Culture
Le jour où… L’Abbé Pierre lançait son célèbre appel en faveur des sans-abris : « Mes amis, au secours ! »
Figure emblématique de la lutte contre la pauvreté, l’Abbé Pierre a dédié sa vie aux sans-abris et à ceux qu’il appelait ses « frères mourant de misère ». On revient pour vous sur son appel du 1er février 1954, ce cri du coeur qui a eu un impact sans précédent en France.
Hiver 1954. Alors que le froid fait rage dans une grande partie de l’Hexagone, un jeune prêtre catholique décide de prendre le problème à bras le corps. Le 1er février 1954 à 13h15, en direct sur Radio Luxembourg (future RTL), l’Abbé Pierre débute un discours qui touchera au coeur les millions de Français qui écoutent la radio ce jour-là.
Dans un discours de quelques minutes à peine, il appelle à la solidarité de tous pour que s’ouvrent des lieux de secours pouvant accueillir les milliers de personnes qui dorment dehors.

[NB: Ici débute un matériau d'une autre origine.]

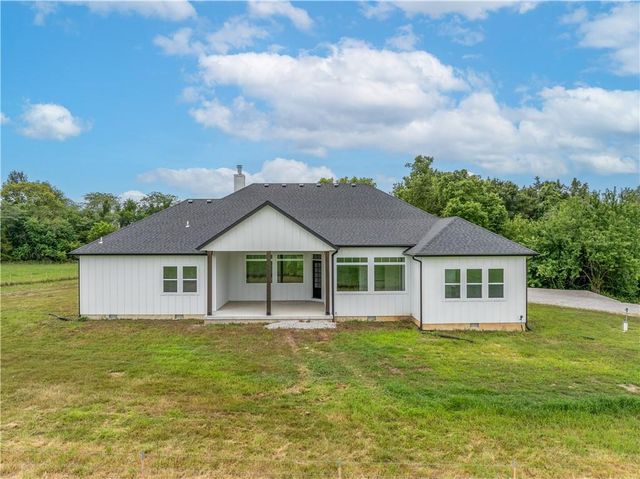 19657 MATHER Road, Sedalia, MO 65301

Un véritable cri de colère qui, 65 ans plus tard, continue de bouleverser : « Mes amis, au secours. Une femme vient de mourir gelée, cette nuit à trois heures, sur le trottoir du boulevard Sébastopol, serrant sur elle le papier par lequel, avant-hier, on l’avait expulsée. Chaque nuit, ils sont plus de 2 000 recroquevillés sous le gel, sans toit, sans pain, plus d’un presque nu. »
Quelques années plus tôt, en 1949, il avait ouvert, presque dans l’anonymat, la toute première communauté Emmaüs, à Neuilly-Plaisance dans l’Est parisien. À peine quelques semaines auparavant, il avait déjà lancé un cri d’alarme dans une lettre ouverte au ministre de la Reconstruction publiée dans Le Figaro : Marc, un bébé d’à peine quelques mois était décédé à Neuilly-Plaisance alors que ses parents vivaient dans un vieil autocar à peine rafistolé. Ce premier appel n’aura guère d’effet. Celui du 1er février 1954, lui, aura un impact national historique.

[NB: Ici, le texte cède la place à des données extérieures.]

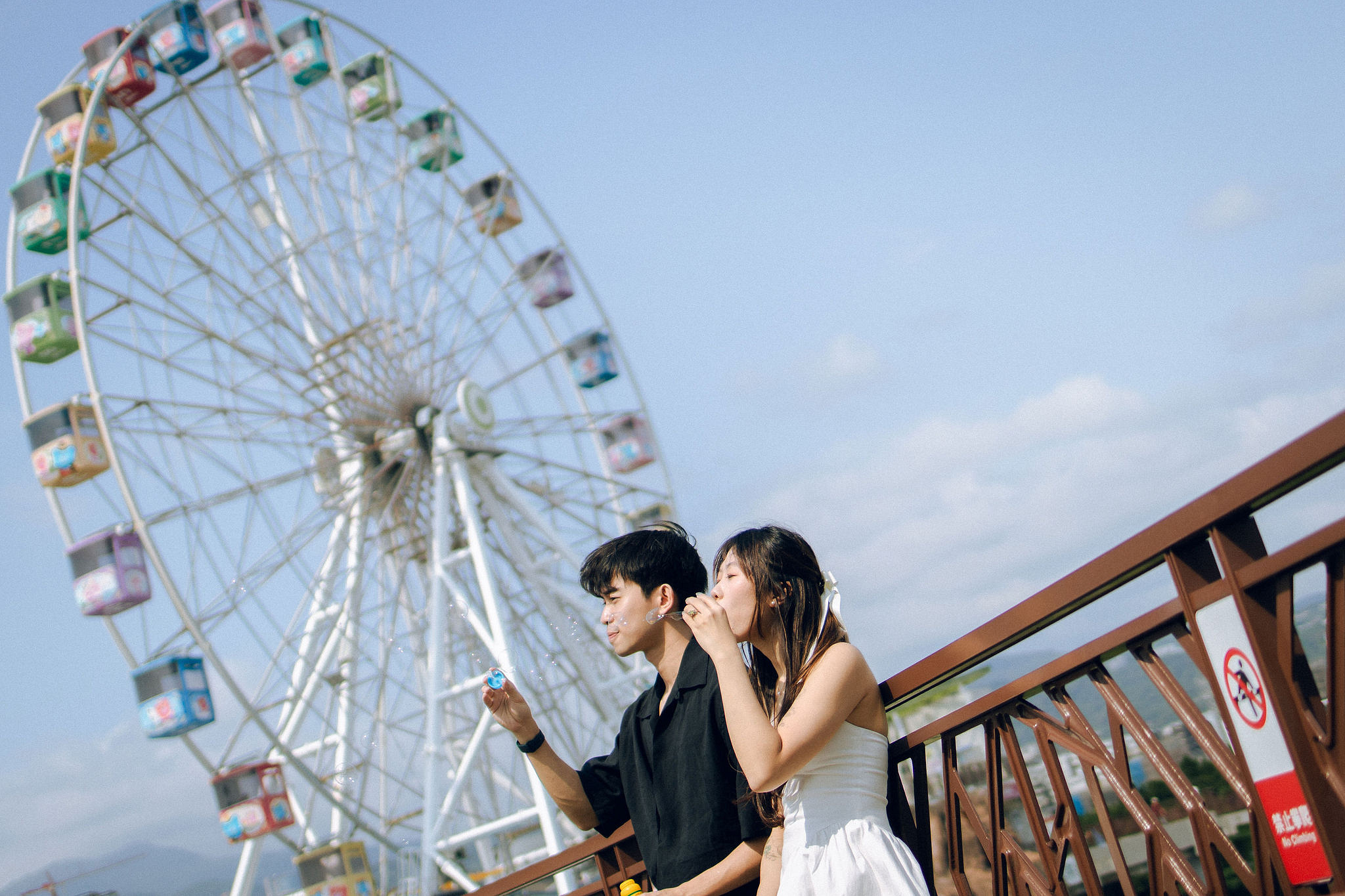 Taiwan Pre-Wedding Photoshoot | Dadaocheng & Children's Amusement Park at Children's Amusement Park pre-wedding photo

Immédiatement, les Français s’engagent dans une chaîne de solidarité sans précédent : 500 millions de francs sont récoltés en quelques jours pour ouvrir des centres d’accueil d’urgence, les standards téléphoniques d’Emmaüs, de RTL et de l’Hôtel Rochester où sont entreposés une partie des dons des Parisiens explosent, les produits de première nécessité affluent de toute la France. Les dons en nature (presque 10 000 tonnes !) sont tels qu’une partie de la gare d’Orsay, désaffectée, est réquisitionnée pour les stocker. Sur la façade, un immense calicot est accroché : “Gare de l’espoir, Paris vous aide”.
Quatre jours après ce cri du coeur entendu sur la radio la plus écoutée de France à l’époque, le Parlement adopte à l’unanimité un programme de 10 milliards de francs pour la construction de 12 000 logements de première nécessité. 65 ans après ce cri du coeur et 12 ans après le décès de l’Abbé Pierre, sa fondation continue d’oeuvrer pour les 4 millions de mal-logés et les 200 000 sans-abris en France.